BEGIN RECORDS SUPPLIED
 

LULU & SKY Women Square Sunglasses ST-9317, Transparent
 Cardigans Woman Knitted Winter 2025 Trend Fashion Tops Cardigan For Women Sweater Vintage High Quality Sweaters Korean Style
END RECORDS SUPPLIED
BEGIN RECORDS SUPPLIED
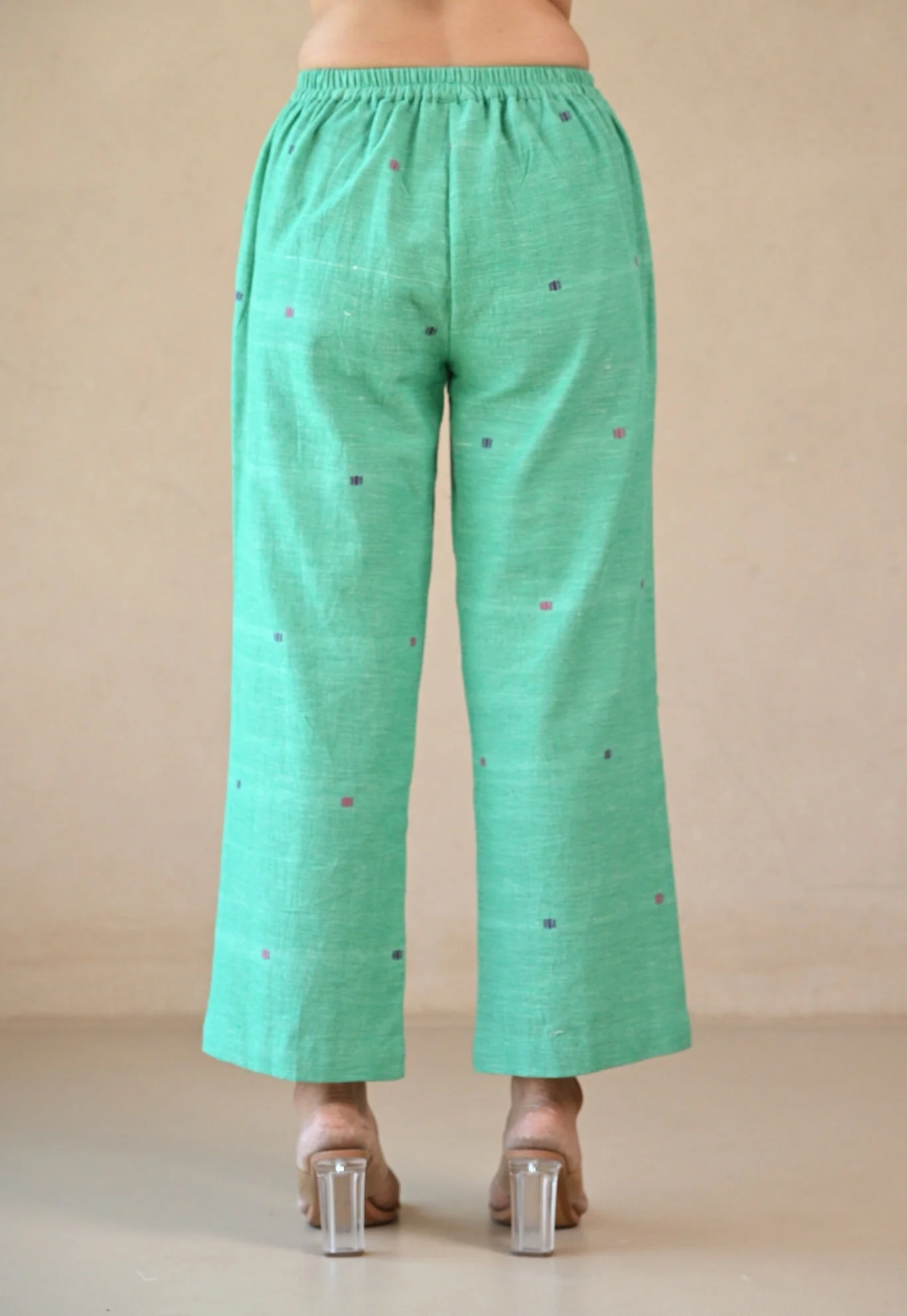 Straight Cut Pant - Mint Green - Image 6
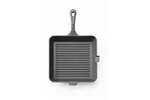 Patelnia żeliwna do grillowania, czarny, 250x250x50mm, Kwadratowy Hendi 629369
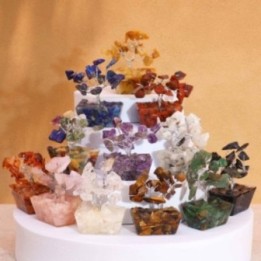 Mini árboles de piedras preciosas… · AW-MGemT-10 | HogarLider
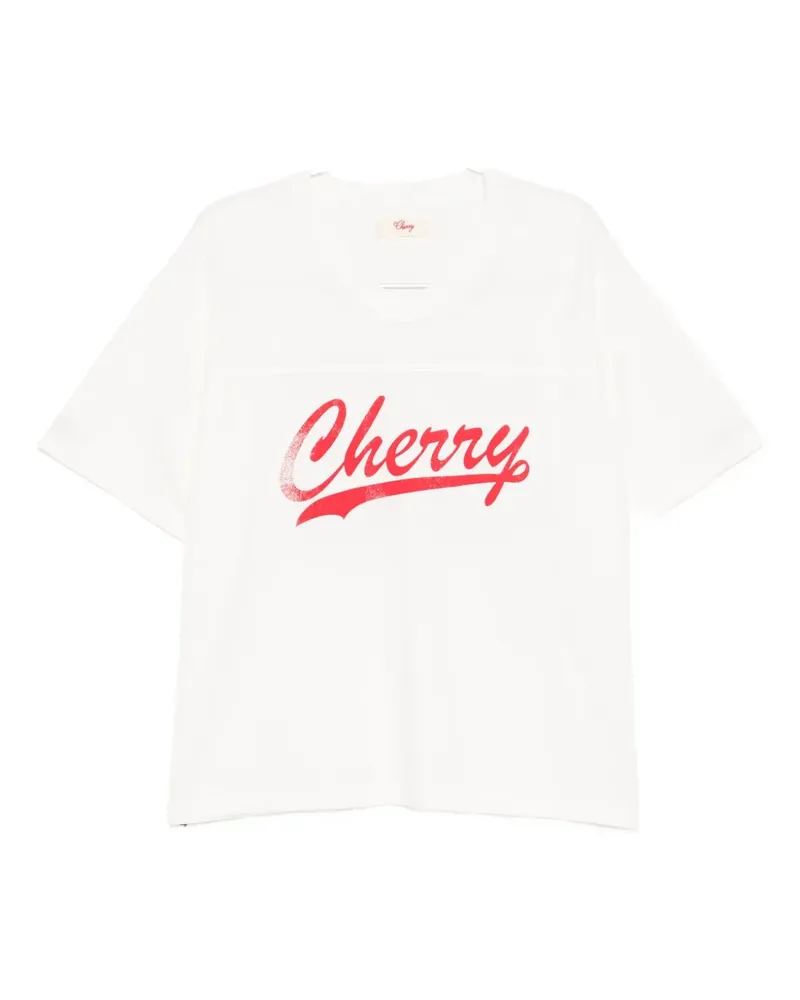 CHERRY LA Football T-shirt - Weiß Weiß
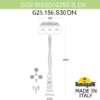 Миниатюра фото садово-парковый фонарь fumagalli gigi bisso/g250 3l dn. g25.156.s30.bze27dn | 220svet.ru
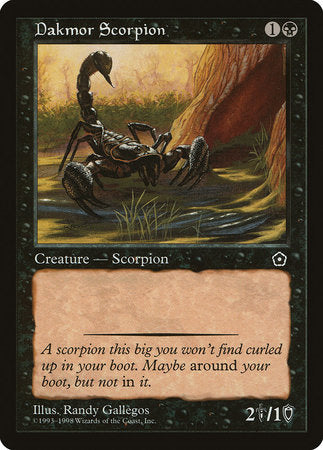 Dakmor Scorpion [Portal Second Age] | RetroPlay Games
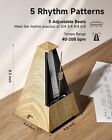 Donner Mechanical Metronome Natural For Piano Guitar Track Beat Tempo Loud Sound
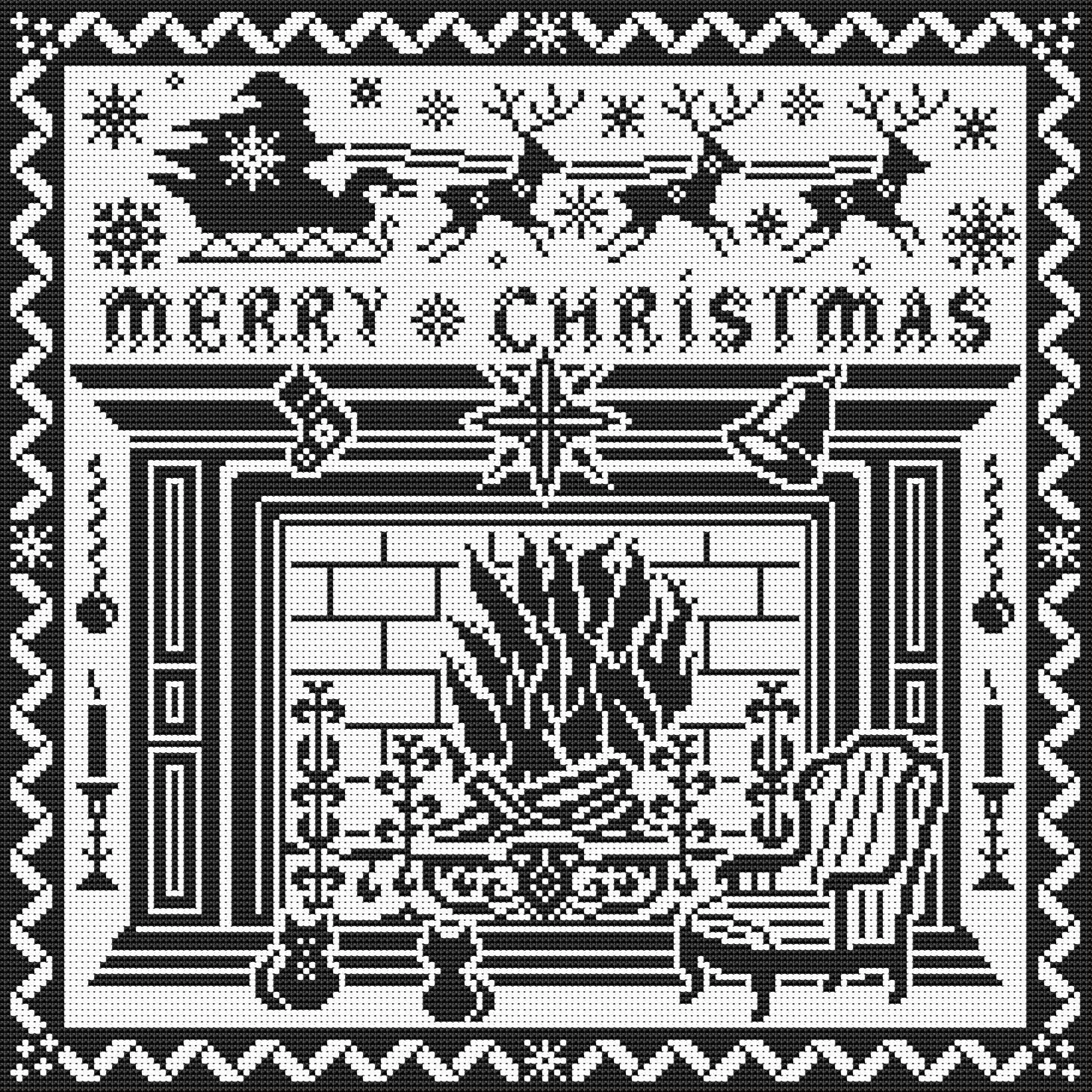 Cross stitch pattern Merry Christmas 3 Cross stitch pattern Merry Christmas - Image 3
END RECORDS SUPPLIED
• WHAT THE EXERCISE ASKS
Among the lines above, find those with the word "Women" and list them.

• RESPONSE
LULU & SKY Women Square Sunglasses ST-9317, Transparent
 Cardigans Woman Knitted Winter 2025 Trend Fashion Tops Cardigan For Women Sweater Vintage High Quality Sweaters Korean Style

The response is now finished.